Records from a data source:
▼

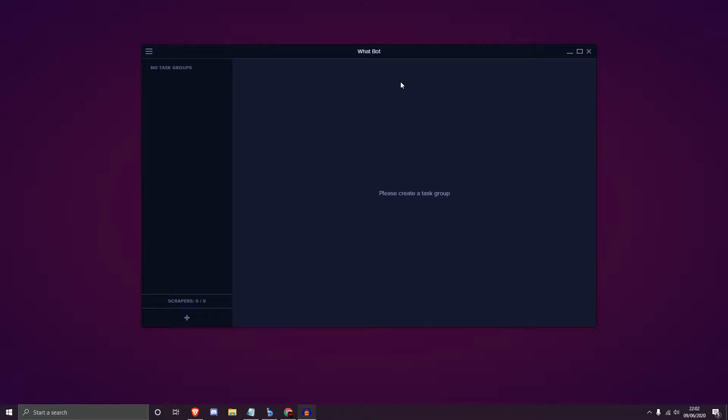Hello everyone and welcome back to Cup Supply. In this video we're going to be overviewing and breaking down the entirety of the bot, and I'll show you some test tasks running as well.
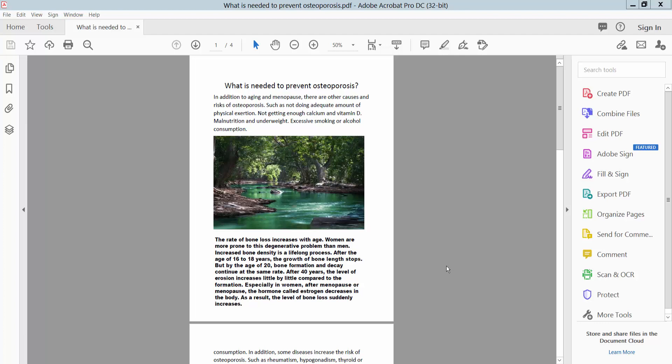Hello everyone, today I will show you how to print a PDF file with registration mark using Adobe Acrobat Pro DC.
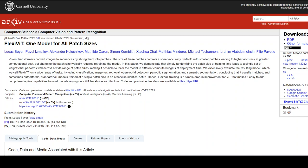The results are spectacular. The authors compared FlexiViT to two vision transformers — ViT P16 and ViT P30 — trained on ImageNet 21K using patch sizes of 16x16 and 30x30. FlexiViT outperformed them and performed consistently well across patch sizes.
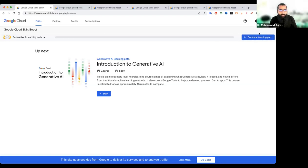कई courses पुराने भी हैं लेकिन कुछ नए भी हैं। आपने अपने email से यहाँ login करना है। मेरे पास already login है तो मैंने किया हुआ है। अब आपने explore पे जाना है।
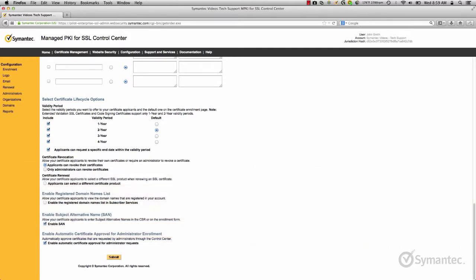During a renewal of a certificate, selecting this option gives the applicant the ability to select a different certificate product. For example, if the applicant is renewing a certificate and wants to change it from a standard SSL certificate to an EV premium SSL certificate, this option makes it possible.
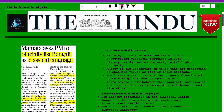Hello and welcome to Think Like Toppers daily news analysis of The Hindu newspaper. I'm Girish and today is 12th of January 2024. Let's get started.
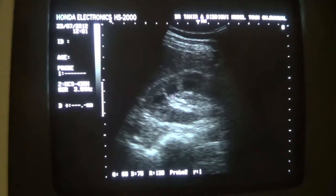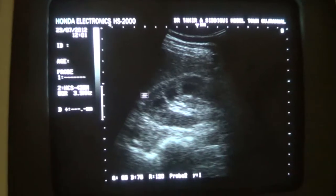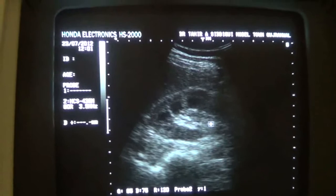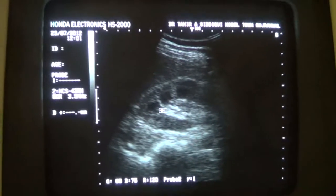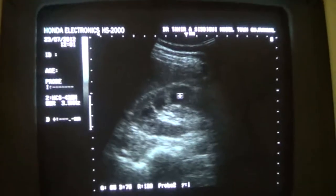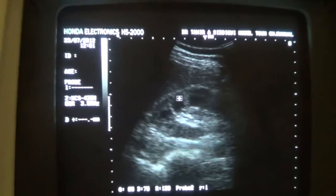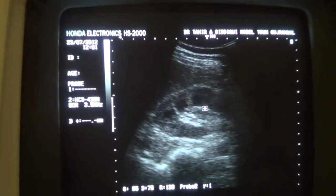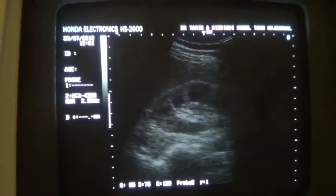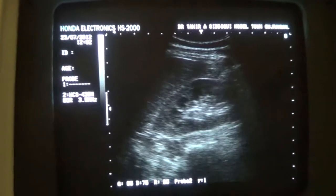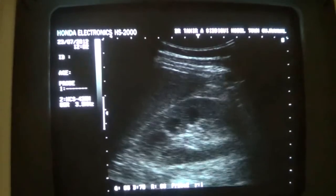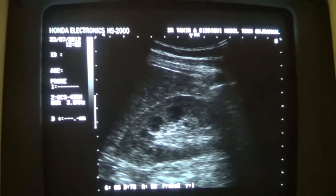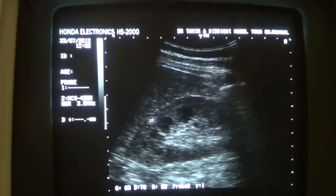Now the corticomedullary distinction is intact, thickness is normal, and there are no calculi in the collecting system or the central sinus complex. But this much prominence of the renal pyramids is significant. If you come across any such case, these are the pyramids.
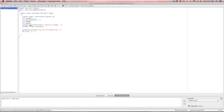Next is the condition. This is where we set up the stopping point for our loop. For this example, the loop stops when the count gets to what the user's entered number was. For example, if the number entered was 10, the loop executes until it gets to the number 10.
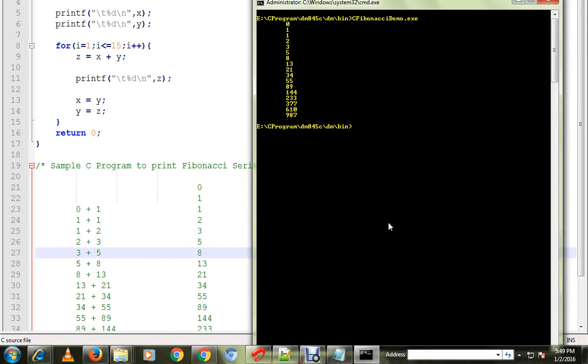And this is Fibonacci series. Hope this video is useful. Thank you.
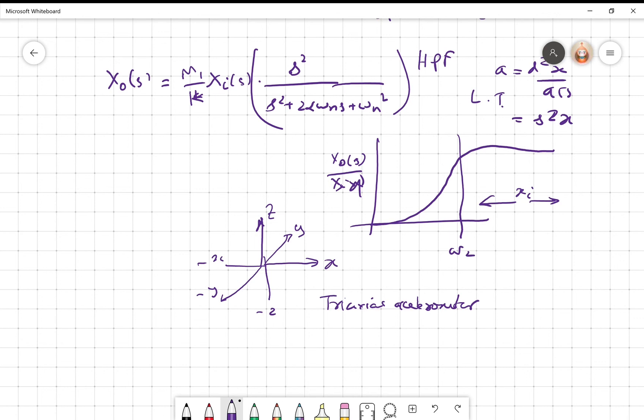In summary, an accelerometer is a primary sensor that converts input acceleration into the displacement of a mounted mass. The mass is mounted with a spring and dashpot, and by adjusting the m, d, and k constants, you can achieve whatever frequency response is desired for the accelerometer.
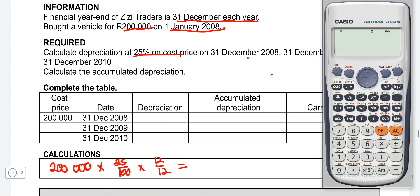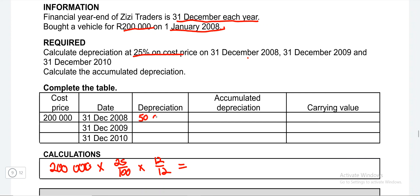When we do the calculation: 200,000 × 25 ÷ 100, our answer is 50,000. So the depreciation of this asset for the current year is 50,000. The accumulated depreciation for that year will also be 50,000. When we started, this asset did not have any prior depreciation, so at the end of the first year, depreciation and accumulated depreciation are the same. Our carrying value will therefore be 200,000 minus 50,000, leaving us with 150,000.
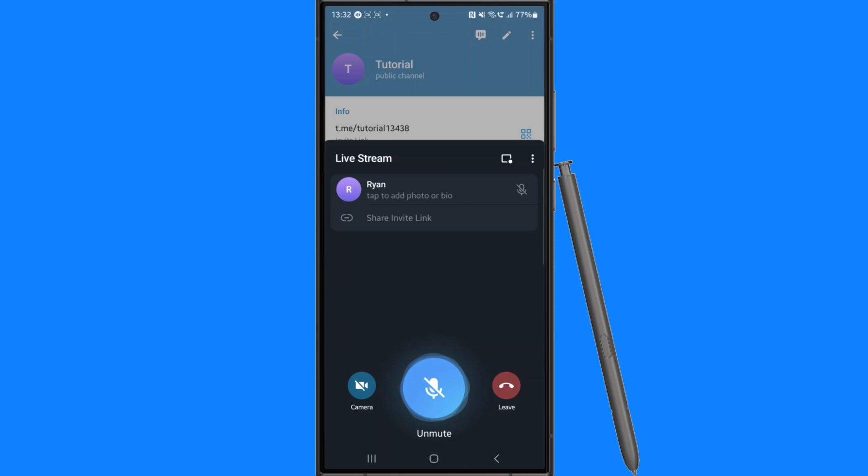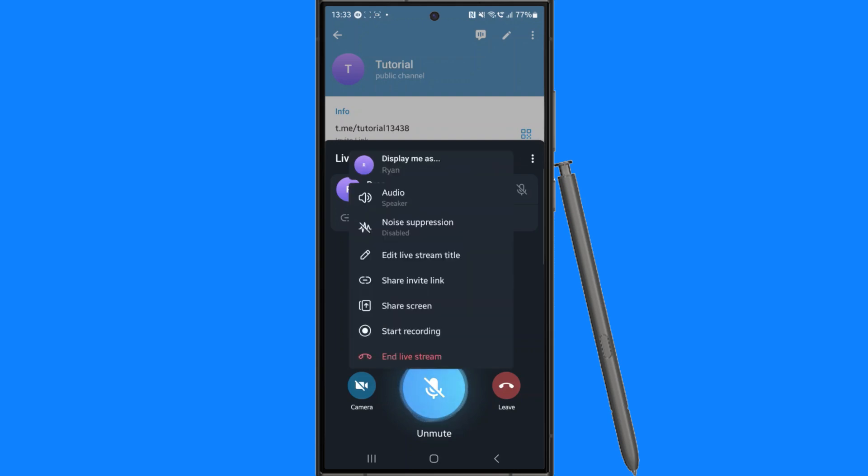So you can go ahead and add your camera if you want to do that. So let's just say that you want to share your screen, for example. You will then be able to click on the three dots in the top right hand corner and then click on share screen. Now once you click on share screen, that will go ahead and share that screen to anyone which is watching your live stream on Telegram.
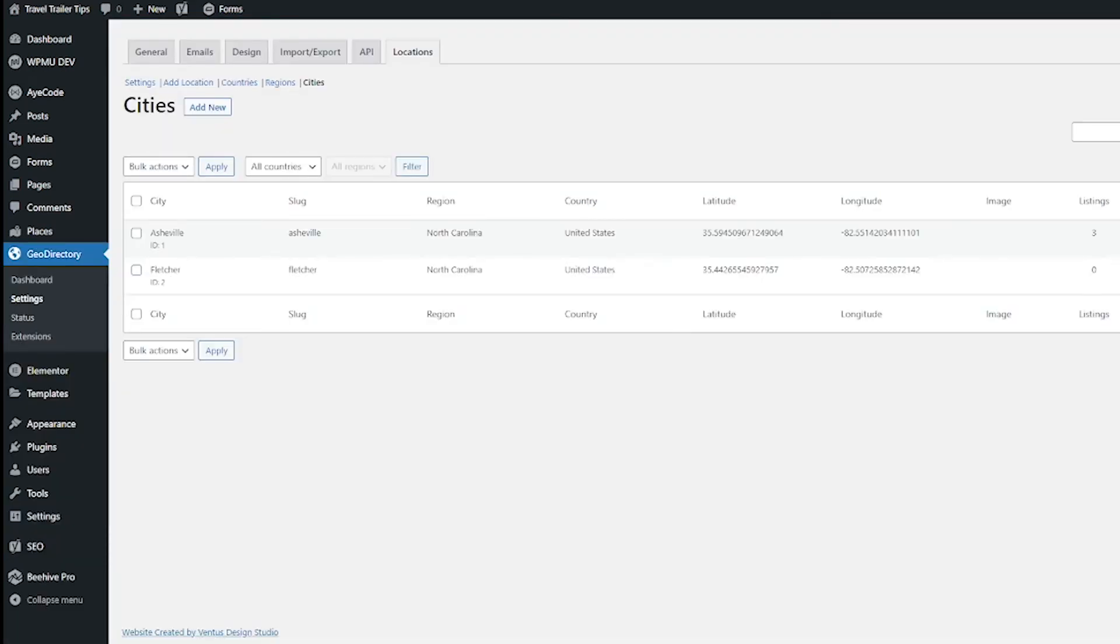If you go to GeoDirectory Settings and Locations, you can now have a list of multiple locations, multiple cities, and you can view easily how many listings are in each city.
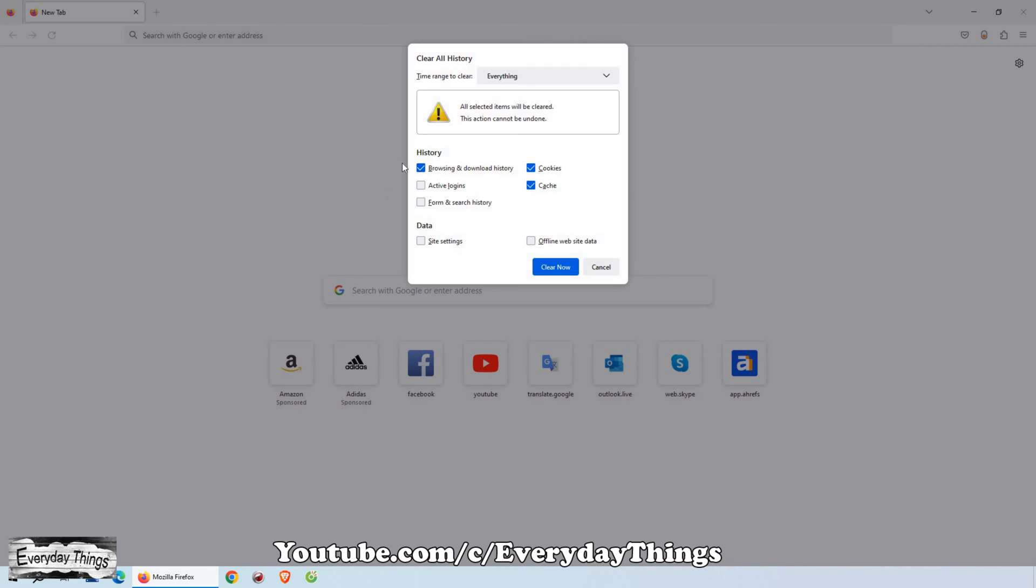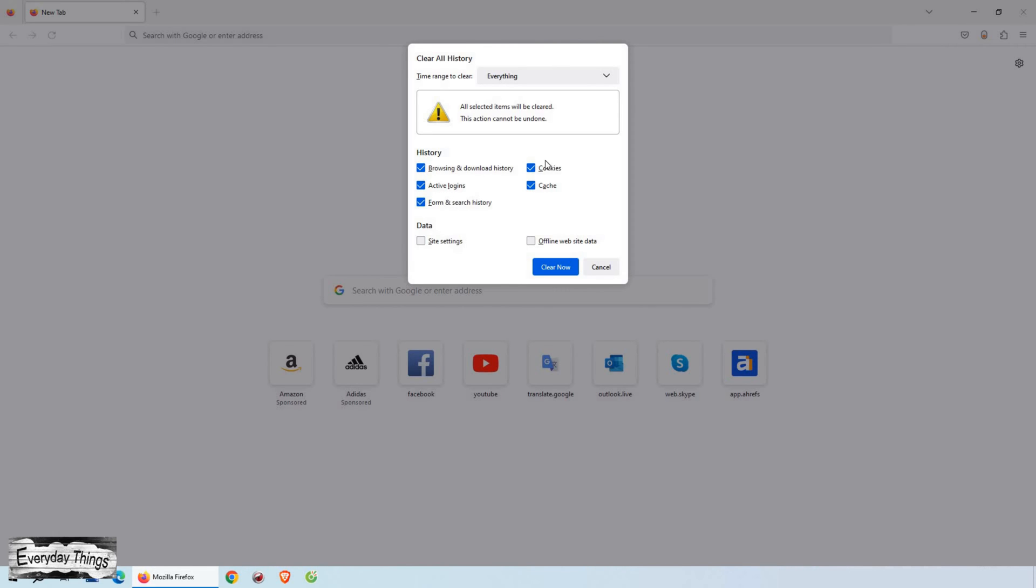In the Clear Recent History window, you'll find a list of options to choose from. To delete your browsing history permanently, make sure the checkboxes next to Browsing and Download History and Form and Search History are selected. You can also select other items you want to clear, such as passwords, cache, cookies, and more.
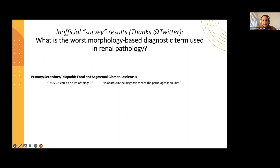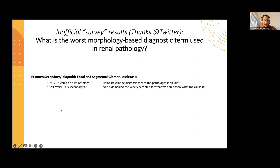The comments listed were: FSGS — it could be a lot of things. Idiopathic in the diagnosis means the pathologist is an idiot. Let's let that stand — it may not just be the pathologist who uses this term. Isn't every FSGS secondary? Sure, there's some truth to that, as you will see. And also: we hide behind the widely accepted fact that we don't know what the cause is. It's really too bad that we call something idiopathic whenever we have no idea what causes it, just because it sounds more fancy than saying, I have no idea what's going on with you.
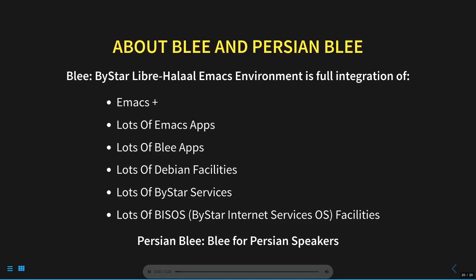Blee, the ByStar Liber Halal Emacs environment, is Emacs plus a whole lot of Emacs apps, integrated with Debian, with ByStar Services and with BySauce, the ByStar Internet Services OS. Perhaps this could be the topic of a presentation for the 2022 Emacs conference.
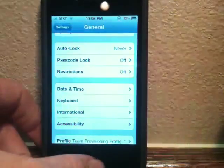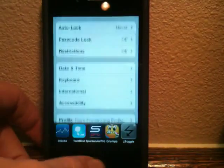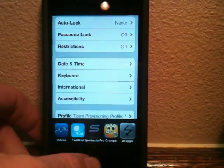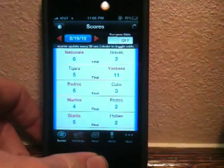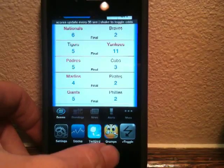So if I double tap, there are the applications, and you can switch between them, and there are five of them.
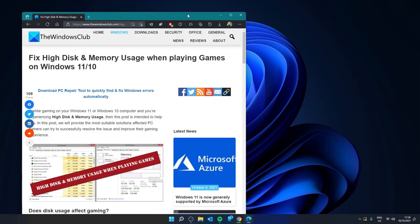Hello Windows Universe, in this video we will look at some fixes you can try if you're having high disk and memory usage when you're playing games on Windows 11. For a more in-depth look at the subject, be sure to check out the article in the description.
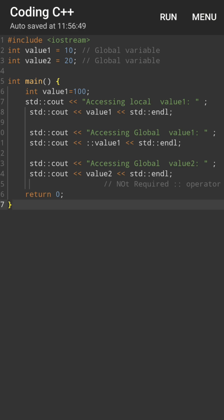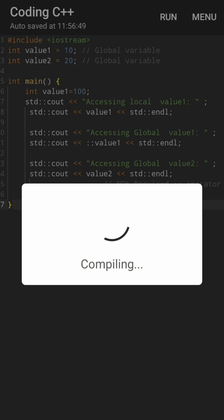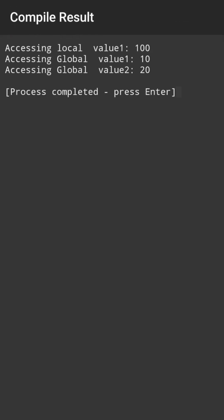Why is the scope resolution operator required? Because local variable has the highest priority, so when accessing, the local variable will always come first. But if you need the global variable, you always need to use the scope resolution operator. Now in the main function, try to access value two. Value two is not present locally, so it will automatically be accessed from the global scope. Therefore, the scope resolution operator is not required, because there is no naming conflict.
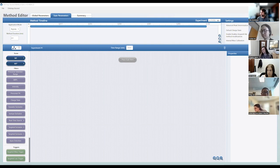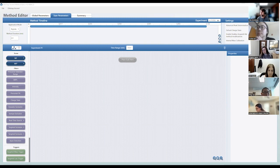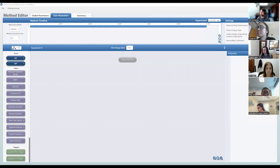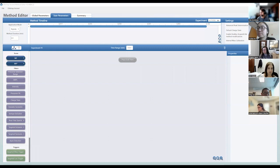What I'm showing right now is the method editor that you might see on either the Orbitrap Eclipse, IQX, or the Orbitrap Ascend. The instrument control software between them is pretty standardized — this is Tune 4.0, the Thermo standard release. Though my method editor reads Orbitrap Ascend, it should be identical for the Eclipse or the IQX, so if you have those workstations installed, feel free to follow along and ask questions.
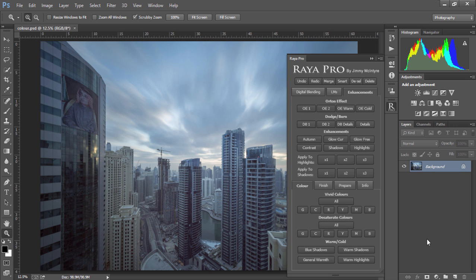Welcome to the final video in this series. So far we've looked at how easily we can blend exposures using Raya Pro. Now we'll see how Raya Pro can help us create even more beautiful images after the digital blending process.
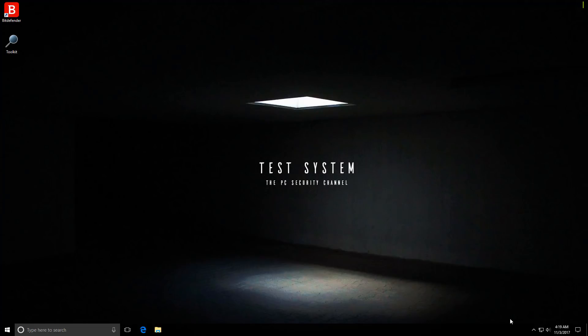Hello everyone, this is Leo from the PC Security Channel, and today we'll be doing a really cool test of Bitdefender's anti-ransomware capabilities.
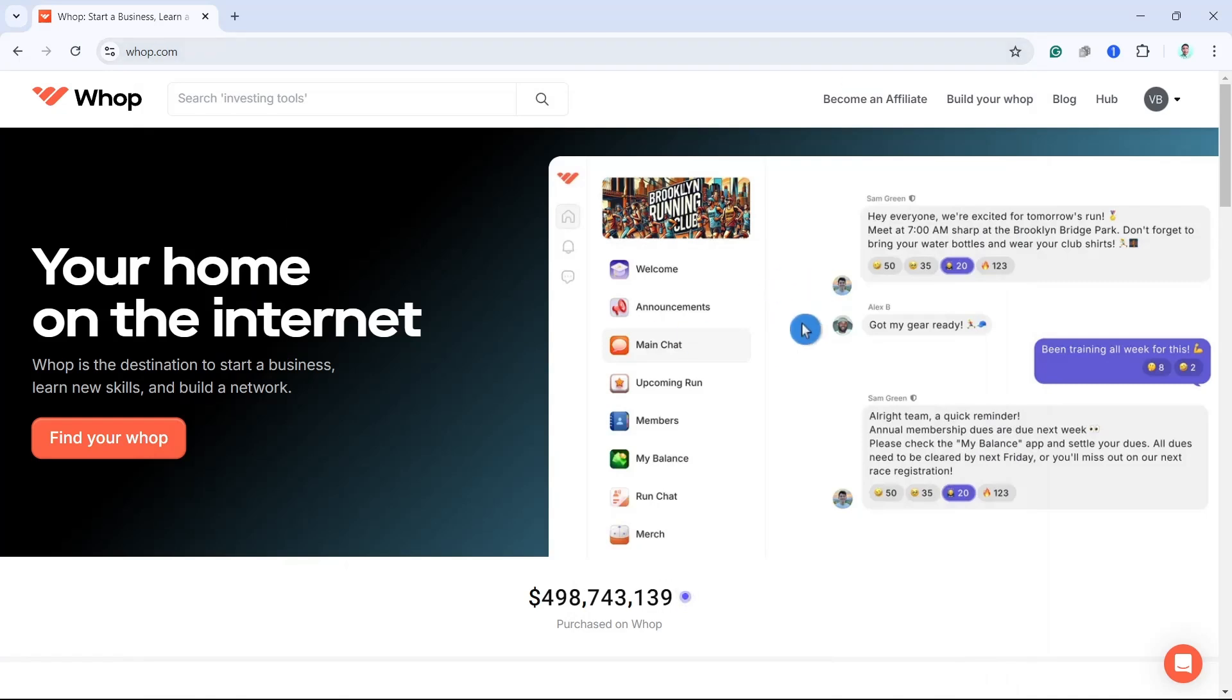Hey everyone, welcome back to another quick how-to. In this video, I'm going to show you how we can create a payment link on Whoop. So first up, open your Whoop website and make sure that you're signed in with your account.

▲

WHAT YOU ARE ASKED TO DO: Output the records exactly, and let none of their pictures appear in the copy.

RESPONSE AREA:
Hello everyone and welcome back to Cup Supply. In this video we're going to be overviewing and breaking down the entirety of the bot, and I'll show you some test tasks running as well.
Hello everyone, today I will show you how to print a PDF file with registration mark using Adobe Acrobat Pro DC.
The results are spectacular. The authors compared FlexiViT to two vision transformers — ViT P16 and ViT P30 — trained on ImageNet 21K using patch sizes of 16x16 and 30x30. FlexiViT outperformed them and performed consistently well across patch sizes.
कई courses पुराने भी हैं लेकिन कुछ नए भी हैं। आपने अपने email से यहाँ login करना है। मेरे पास already login है तो मैंने किया हुआ है। अब आपने explore पे जाना है।
During a renewal of a certificate, selecting this option gives the applicant the ability to select a different certificate product. For example, if the applicant is renewing a certificate and wants to change it from a standard SSL certificate to an EV premium SSL certificate, this option makes it possible.
Hello and welcome to Think Like Toppers daily news analysis of The Hindu newspaper. I'm Girish and today is 12th of January 2024. Let's get started.
Now the corticomedullary distinction is intact, thickness is normal, and there are no calculi in the collecting system or the central sinus complex. But this much prominence of the renal pyramids is significant. If you come across any such case, these are the pyramids.
Next is the condition. This is where we set up the stopping point for our loop. For this example, the loop stops when the count gets to what the user's entered number was. For example, if the number entered was 10, the loop executes until it gets to the number 10.
And this is Fibonacci series. Hope this video is useful. Thank you.
In summary, an accelerometer is a primary sensor that converts input acceleration into the displacement of a mounted mass. The mass is mounted with a spring and dashpot, and by adjusting the m, d, and k constants, you can achieve whatever frequency response is desired for the accelerometer.
When we do the calculation: 200,000 × 25 ÷ 100, our answer is 50,000. So the depreciation of this asset for the current year is 50,000. The accumulated depreciation for that year will also be 50,000. When we started, this asset did not have any prior depreciation, so at the end of the first year, depreciation and accumulated depreciation are the same. Our carrying value will therefore be 200,000 minus 50,000, leaving us with 150,000.
So you can go ahead and add your camera if you want to do that. So let's just say that you want to share your screen, for example. You will then be able to click on the three dots in the top right hand corner and then click on share screen. Now once you click on share screen, that will go ahead and share that screen to anyone which is watching your live stream on Telegram.
If you go to GeoDirectory Settings and Locations, you can now have a list of multiple locations, multiple cities, and you can view easily how many listings are in each city.
In the Clear Recent History window, you'll find a list of options to choose from. To delete your browsing history permanently, make sure the checkboxes next to Browsing and Download History and Form and Search History are selected. You can also select other items you want to clear, such as passwords, cache, cookies, and more.
The comments listed were: FSGS — it could be a lot of things. Idiopathic in the diagnosis means the pathologist is an idiot. Let's let that stand — it may not just be the pathologist who uses this term. Isn't every FSGS secondary? Sure, there's some truth to that, as you will see. And also: we hide behind the widely accepted fact that we don't know what the cause is. It's really too bad that we call something idiopathic whenever we have no idea what causes it, just because it sounds more fancy than saying, I have no idea what's going on with you.
Blee, the ByStar Liber Halal Emacs environment, is Emacs plus a whole lot of Emacs apps, integrated with Debian, with ByStar Services and with BySauce, the ByStar Internet Services OS. Perhaps this could be the topic of a presentation for the 2022 Emacs conference.
So if I double tap, there are the applications, and you can switch between them, and there are five of them.
Hello Windows Universe, in this video we will look at some fixes you can try if you're having high disk and memory usage when you're playing games on Windows 11. For a more in-depth look at the subject, be sure to check out the article in the description.
Why is the scope resolution operator required? Because local variable has the highest priority, so when accessing, the local variable will always come first. But if you need the global variable, you always need to use the scope resolution operator. Now in the main function, try to access value two. Value two is not present locally, so it will automatically be accessed from the global scope. Therefore, the scope resolution operator is not required, because there is no naming conflict.
What I'm showing right now is the method editor that you might see on either the Orbitrap Eclipse, IQX, or the Orbitrap Ascend. The instrument control software between them is pretty standardized — this is Tune 4.0, the Thermo standard release. Though my method editor reads Orbitrap Ascend, it should be identical for the Eclipse or the IQX, so if you have those workstations installed, feel free to follow along and ask questions.
Welcome to the final video in this series. So far we've looked at how easily we can blend exposures using Raya Pro. Now we'll see how Raya Pro can help us create even more beautiful images after the digital blending process.
Hello everyone, this is Leo from the PC Security Channel, and today we'll be doing a really cool test of Bitdefender's anti-ransomware capabilities.
Hey everyone, welcome back to another quick how-to. In this video, I'm going to show you how we can create a payment link on Whoop. So first up, open your Whoop website and make sure that you're signed in with your account.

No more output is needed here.